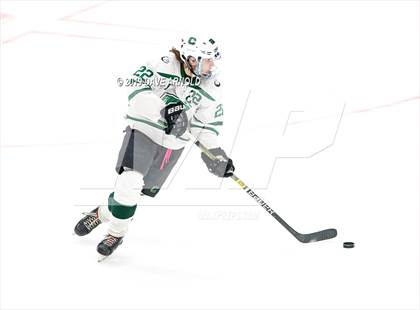 Thumbnail 1 in Tewksbury Memorial vs. Canton (MIAA Division 2 State Final) photogallery.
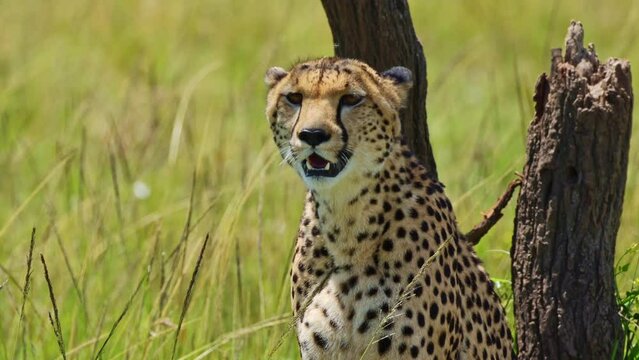 Slow Motion Shot of Cheetah with mouth open panting, close up portrait shot of African Wildlife in Maasai Mara National Reserve, Kenya, furry fur coat on beautiful african safari animal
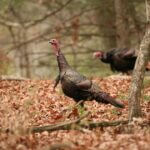 Mississippi wildlife officials highlight seasonal changes in wild turkey behavior Photos from Mississippi Department of Wildlife, Fisheries, and Parks's post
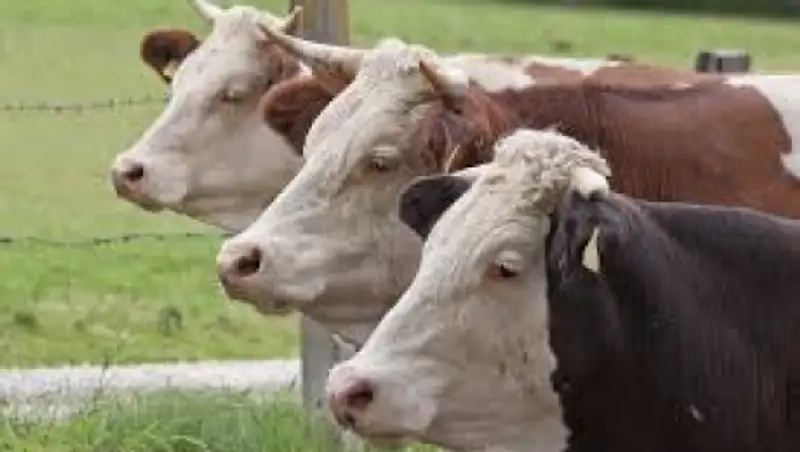 В Актюбинской области продолжает гибнуть домашний скот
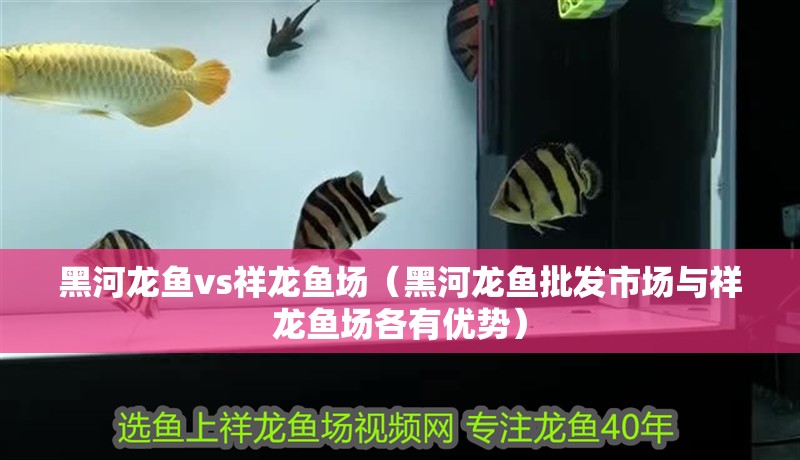 黑河龍魚vs祥龍魚場(黑河龍魚批發市場與祥龍魚場各有優勢) 全國水族館企業名錄 第1張 黑河龍魚vs祥龍魚場(黑河龍魚批發市場與祥龍魚場各有優勢) 黑河龍魚vs祥龍魚場(黑河龍魚批發市場與祥龍魚場各有優勢) 全國水族館企業名錄 第1張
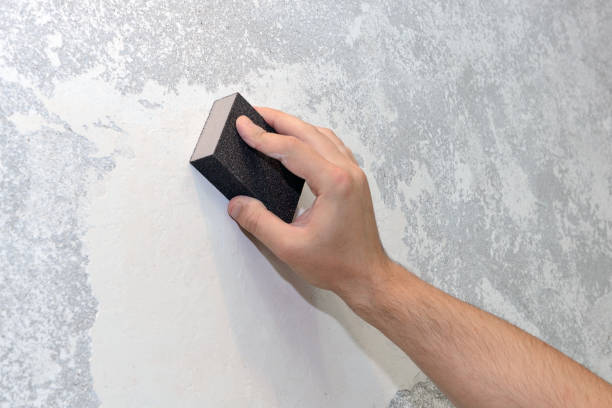 Best Mold Damage Restoration  in Stonegate, CO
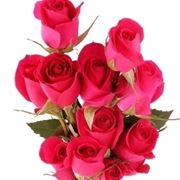 bouquet di rose rosse e bianche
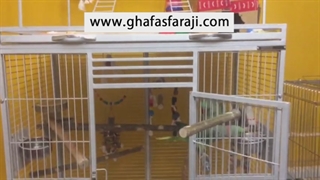 کلیپ قفس شاه طوطی خریداری شده از سایت قفس فرجی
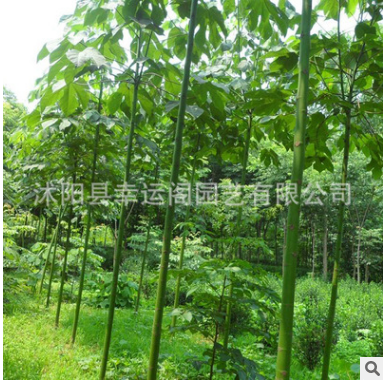 基地苗木梧桐 工程綠化 優(yōu)質法桐 批發(fā)8-20公分法桐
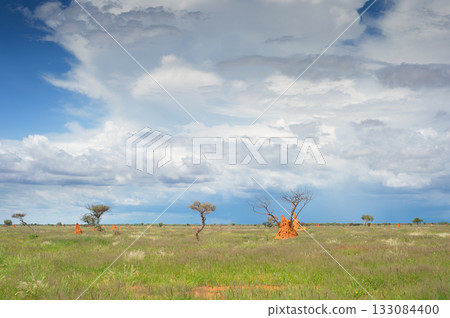 Termite mounds Namibia ants africa 133084400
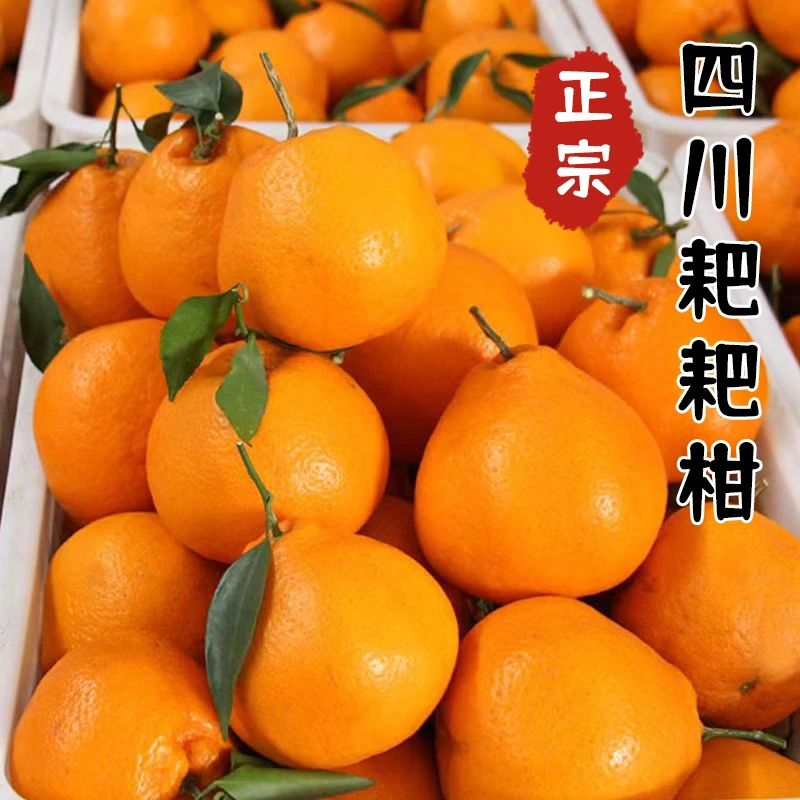鲜甜耙耙柑新鲜应季水果柑橘鲜甜多汁产地直发四川手剥耙耙柑大果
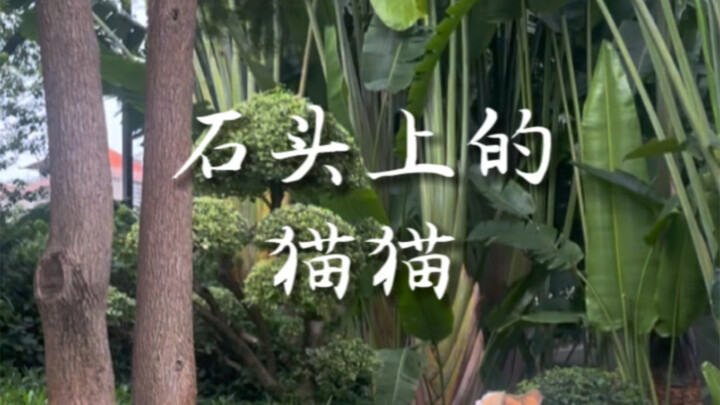 Di taman ada seekor kucing kecil, tapi ikan yang ingin ditangkapnya justru berada di pohon.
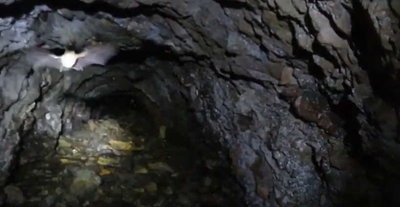 かすめるように当たってきよりました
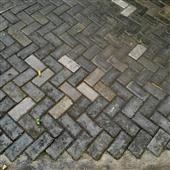 Giữ 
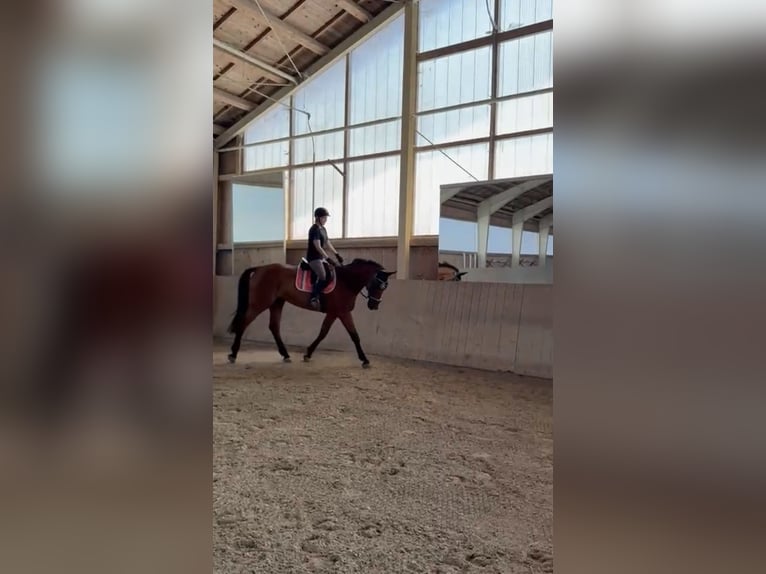 Tsjechisch warmbloed Ruin 15 Jaar 173 cm Vos in Passau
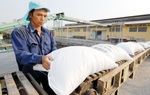 Kết luận của Phó Thủ tướng về việc xuất khẩu gạo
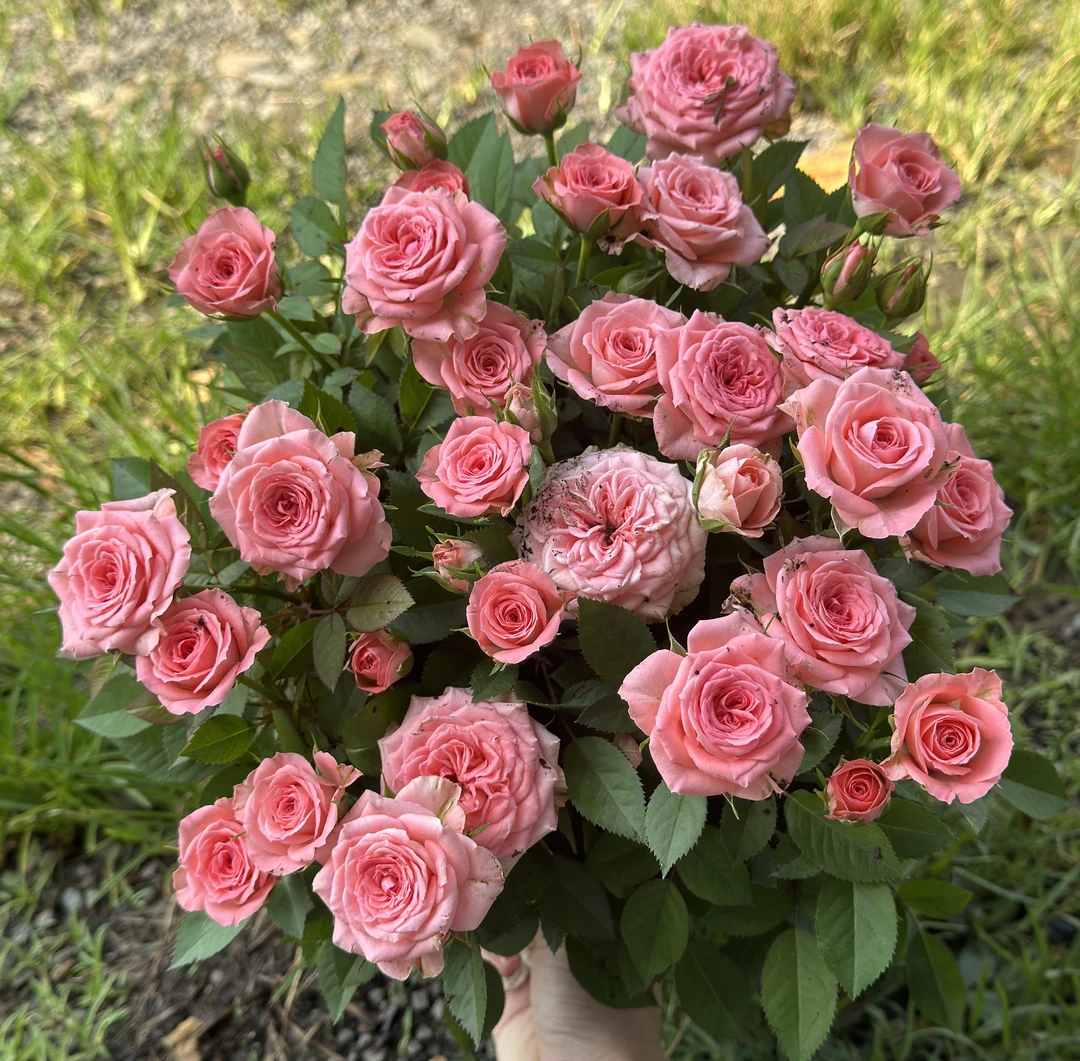 [仙度瑞拉】粉色月季好养阳台庭院种植花期原盆原土花苞四季开花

● **Instructions for the task**
Transcribe all of the entries word for word, but skip any pictures they contain.

● **Answer to the problem**
 Thumbnail 1 in Tewksbury Memorial vs. Canton (MIAA Division 2 State Final) photogallery.
 Slow Motion Shot of Cheetah with mouth open panting, close up portrait shot of African Wildlife in Maasai Mara National Reserve, Kenya, furry fur coat on beautiful african safari animal
 Mississippi wildlife officials highlight seasonal changes in wild turkey behavior Photos from Mississippi Department of Wildlife, Fisheries, and Parks's post
 В Актюбинской области продолжает гибнуть домашний скот
 黑河龍魚vs祥龍魚場(黑河龍魚批發市場與祥龍魚場各有優勢) 全國水族館企業名錄 第1張 黑河龍魚vs祥龍魚場(黑河龍魚批發市場與祥龍魚場各有優勢) 黑河龍魚vs祥龍魚場(黑河龍魚批發市場與祥龍魚場各有優勢) 全國水族館企業名錄 第1張
 Best Mold Damage Restoration  in Stonegate, CO
 bouquet di rose rosse e bianche
 کلیپ قفس شاه طوطی خریداری شده از سایت قفس فرجی
 基地苗木梧桐 工程綠化 優(yōu)質法桐 批發(fā)8-20公分法桐
 Termite mounds Namibia ants africa 133084400
鲜甜耙耙柑新鲜应季水果柑橘鲜甜多汁产地直发四川手剥耙耙柑大果
 Di taman ada seekor kucing kecil, tapi ikan yang ingin ditangkapnya justru berada di pohon.
 かすめるように当たってきよりました
 Giữ 
 Tsjechisch warmbloed Ruin 15 Jaar 173 cm Vos in Passau
 Kết luận của Phó Thủ tướng về việc xuất khẩu gạo
 [仙度瑞拉】粉色月季好养阳台庭院种植花期原盆原土花苞四季开花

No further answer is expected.